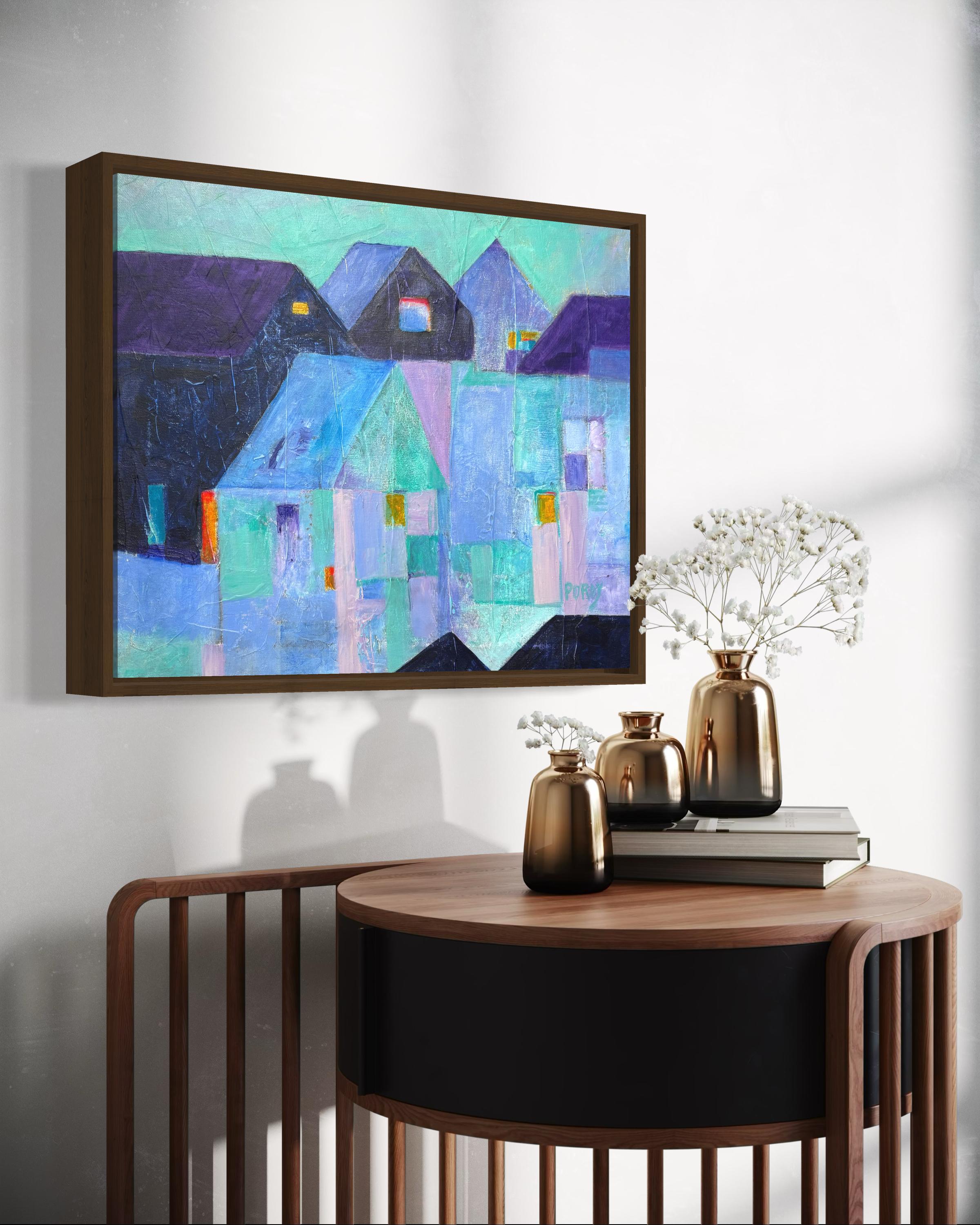 „Ghost Town“ von Maria Poroy - Lila und Blau Abstrakte impressionistische Stadtlandschaft im Angebot 7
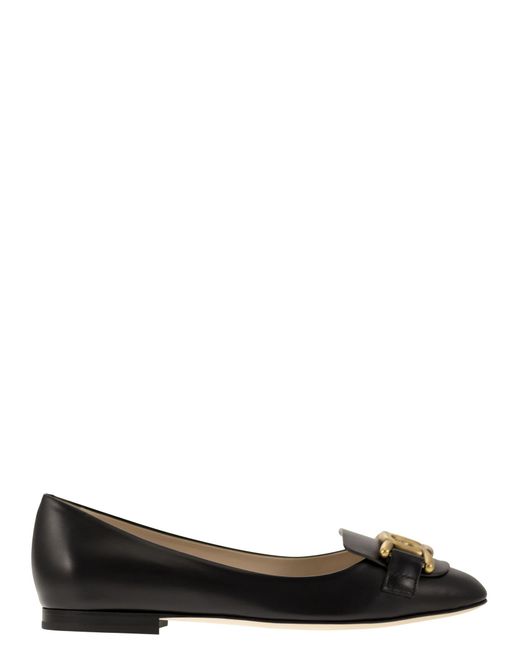Tod's Black Leather Ballerina With Accessory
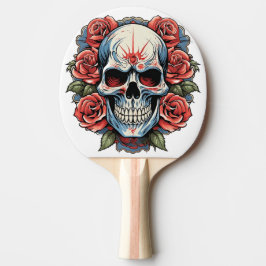 🌹 "Skull & Rozen: Bold Elegance Ping Pong Paddle" Tafeltennisbatje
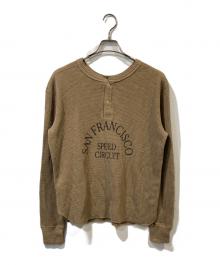 GOOD GRIEF!（グッドグリーフ）の古着「SFSC PRINTED HENLEY NECK TOP」｜ブラウン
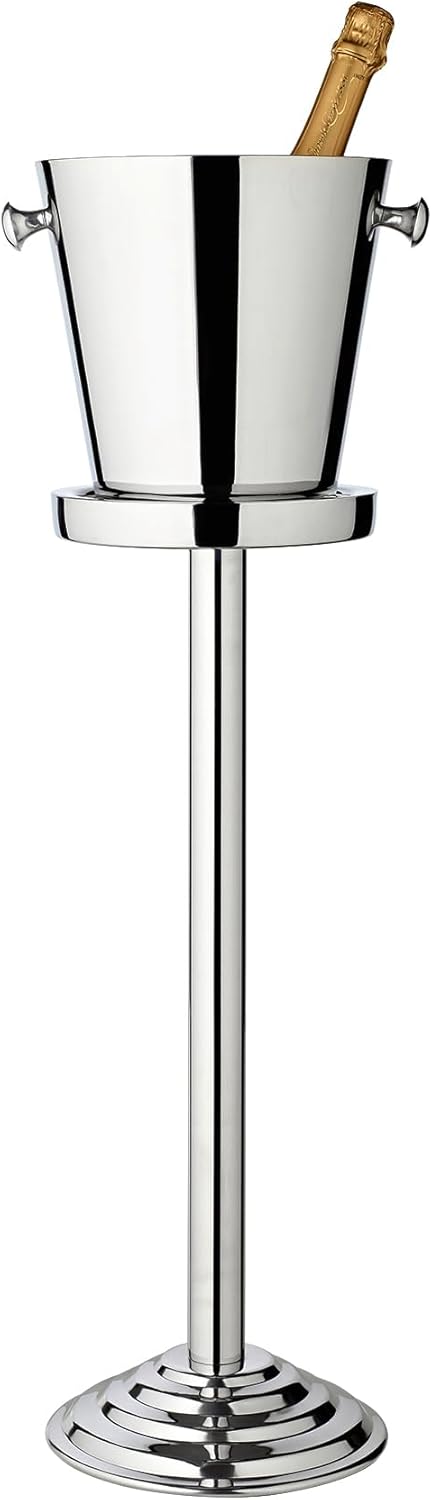 EDZARD Flaschenkühler Sevilla (Höhe 85 cm, Ø 23 cm) mit Griffen, mit Ständer, Edelstahl, hochglanzpo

### [Exercise directions]
Repeat every entry exactly, but leave out the pictures.

### [Exercise output]
 „Ghost Town“ von Maria Poroy - Lila und Blau Abstrakte impressionistische Stadtlandschaft im Angebot 7
Tod's Black Leather Ballerina With Accessory
 🌹 "Skull & Rozen: Bold Elegance Ping Pong Paddle" Tafeltennisbatje
 GOOD GRIEF!（グッドグリーフ）の古着「SFSC PRINTED HENLEY NECK TOP」｜ブラウン
 EDZARD Flaschenkühler Sevilla (Höhe 85 cm, Ø 23 cm) mit Griffen, mit Ständer, Edelstahl, hochglanzpo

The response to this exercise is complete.